Stepping back a little ways, foot power was the first mode of transportation highlighted as you wound your way up and into EPCOT Center’s World of Motion. Footprints ran along the wall and ceiling, leading guests to cavemen who are attempted to cool their hot hooves, much as I imagine these guests will be at the end of the day. Across Future World, and a couple of years, we are now met by Figment’s feet, both while on Journey Into Imagination with Figment and as we make our way towards the Kodak “What If” Labs. Again these prints make their way along the wall, though this is much more believable from a Figment of Imagination rather than prehistoric man.

Over in Disney’s Animal Kingdom tracks can be found in almost every corner of the park. This does not come as much of a surprise given that animals are the focus of the guests’ attention, and every intention is made to show these animals as free roaming. Yet, some of the most intriguing prints in the park come not from live animals in the park, but from the extinct and mythical creatures that inhabit the corner of Asia and Dinoland U.S.A. Before even entering Expedition Everest, younger guests are met with their first challenge, meeting the height requirement set by one yeti footprint. Once inside, however, molds of yeti tracks that have been found in the Himalayas greet guests and set the stage for what is sure to be the expedition of a lifetime.

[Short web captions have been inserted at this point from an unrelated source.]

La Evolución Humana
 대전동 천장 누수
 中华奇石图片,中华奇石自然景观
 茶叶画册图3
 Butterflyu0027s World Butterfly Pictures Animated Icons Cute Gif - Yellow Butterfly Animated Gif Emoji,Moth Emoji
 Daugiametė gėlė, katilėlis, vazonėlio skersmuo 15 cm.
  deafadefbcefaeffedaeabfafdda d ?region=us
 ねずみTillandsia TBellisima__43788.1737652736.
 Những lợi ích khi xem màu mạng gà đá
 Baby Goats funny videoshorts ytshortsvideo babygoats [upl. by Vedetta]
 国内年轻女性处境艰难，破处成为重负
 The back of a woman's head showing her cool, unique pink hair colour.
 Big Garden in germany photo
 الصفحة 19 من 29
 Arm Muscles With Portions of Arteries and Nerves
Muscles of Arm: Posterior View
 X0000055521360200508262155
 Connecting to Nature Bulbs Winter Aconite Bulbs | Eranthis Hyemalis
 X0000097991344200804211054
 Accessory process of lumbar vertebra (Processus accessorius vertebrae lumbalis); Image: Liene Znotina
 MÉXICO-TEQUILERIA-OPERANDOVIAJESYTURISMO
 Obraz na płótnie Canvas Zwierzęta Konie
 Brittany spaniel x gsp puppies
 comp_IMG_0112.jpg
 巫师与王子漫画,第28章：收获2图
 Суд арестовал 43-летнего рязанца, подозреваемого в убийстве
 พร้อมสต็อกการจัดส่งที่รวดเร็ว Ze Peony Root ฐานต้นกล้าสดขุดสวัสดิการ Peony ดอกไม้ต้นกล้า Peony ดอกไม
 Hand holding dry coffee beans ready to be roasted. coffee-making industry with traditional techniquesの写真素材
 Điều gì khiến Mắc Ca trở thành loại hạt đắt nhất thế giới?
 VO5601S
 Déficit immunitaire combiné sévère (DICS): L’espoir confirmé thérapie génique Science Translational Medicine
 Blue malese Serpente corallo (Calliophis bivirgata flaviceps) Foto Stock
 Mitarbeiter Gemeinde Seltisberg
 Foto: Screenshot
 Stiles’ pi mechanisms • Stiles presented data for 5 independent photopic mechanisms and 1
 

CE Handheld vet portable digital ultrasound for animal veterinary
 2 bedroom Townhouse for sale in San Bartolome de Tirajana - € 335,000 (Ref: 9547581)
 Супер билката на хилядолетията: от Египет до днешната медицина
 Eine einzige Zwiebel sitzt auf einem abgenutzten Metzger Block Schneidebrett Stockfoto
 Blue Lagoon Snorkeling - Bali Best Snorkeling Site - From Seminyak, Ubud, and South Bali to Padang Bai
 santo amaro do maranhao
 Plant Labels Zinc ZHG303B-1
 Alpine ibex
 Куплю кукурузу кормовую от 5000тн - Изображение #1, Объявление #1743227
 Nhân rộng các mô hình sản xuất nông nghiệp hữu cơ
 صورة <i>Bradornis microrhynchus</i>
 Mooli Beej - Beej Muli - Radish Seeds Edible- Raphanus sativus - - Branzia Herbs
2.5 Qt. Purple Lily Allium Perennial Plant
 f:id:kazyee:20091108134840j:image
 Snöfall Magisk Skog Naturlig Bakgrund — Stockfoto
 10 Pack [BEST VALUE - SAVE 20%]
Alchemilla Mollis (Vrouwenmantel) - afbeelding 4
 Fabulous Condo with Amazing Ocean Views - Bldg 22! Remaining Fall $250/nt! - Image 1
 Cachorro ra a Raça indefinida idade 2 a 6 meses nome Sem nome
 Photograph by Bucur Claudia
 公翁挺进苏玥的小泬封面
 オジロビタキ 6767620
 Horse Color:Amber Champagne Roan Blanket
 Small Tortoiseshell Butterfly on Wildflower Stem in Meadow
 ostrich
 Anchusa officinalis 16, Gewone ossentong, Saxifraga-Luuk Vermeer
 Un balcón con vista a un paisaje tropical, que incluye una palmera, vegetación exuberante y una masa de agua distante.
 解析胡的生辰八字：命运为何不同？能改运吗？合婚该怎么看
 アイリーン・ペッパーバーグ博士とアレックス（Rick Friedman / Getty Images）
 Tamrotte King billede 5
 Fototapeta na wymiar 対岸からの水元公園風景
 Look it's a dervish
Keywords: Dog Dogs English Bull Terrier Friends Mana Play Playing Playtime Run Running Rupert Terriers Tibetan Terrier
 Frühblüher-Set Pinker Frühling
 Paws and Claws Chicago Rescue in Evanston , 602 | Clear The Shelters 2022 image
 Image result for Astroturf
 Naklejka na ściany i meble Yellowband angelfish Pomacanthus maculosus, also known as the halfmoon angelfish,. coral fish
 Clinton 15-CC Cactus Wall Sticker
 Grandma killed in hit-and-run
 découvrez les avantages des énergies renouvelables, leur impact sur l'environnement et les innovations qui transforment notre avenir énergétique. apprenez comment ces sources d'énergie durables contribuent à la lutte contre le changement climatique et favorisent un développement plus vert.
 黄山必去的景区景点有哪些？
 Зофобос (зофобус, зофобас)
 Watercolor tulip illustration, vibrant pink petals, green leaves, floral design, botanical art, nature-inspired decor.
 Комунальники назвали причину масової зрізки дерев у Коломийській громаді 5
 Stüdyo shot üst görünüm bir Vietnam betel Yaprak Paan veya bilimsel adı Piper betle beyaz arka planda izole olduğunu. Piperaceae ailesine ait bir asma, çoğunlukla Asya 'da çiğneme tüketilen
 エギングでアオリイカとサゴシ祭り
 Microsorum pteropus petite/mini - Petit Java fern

While over in front of Dinosaur, Sue has been making tracks as she makes her way towards the Dino Institute.Dinosaur prints are not found only in Disney’s Animal Kingdom, however, Disney’s Hollywood Studios also gets in on the act, as along the shores of Echo Lake Gertie has also been making tracks and cracks. Like with the other parks, Gertie does not walk alone. Just down the path stands Star Tours enormous AT-AT Walker (All Terrain Armored Transport) who not only stands tall as an iconic image of Disney’s Hollywood Studios, but also has made quite an impression. Thankfully, I have been able to verify that no Rebels were harmed in the making of this footprint.The Magic Kingdom is home to my favorite track. The Main Street Gazette featured this print once before, but the mysterious hoof prints found outside Liberty Square’s Haunted Mansion are not only a fantastic detail they also form one of the greatest Hidden Mickeys found in the parks, that they are definitely worth scaring up to talk about again. As well, inside the walls of the Haunted Mansion, 2007 sprucing up of the manor included a look at some other ghostly footfalls never before seen by living eyes, and added a true ‘wow’ moment to an already exceptional attraction.

Footsteps, left by a variety of creatures, both real and imaginary, fill the walkways and byways of Walt Disney World, but they are not only limited to the confines of Orlando. Up the eastern coastline a ways, at Disney’s Hilton Head Island Resort, that playful pup Shadow has left his paw prints not only in the walkways, but also on the tile floors of the guest rooms.This has been quite a walk! So, the next time you are on a 5, 8, 10, or 13 mile hike around Walt Disney World, be sure to take a moment to notice all of those who have walked in these places before you. And if you have a second moment to spare, use it to think about what kind of footprint you are leaving on Walt Disney World.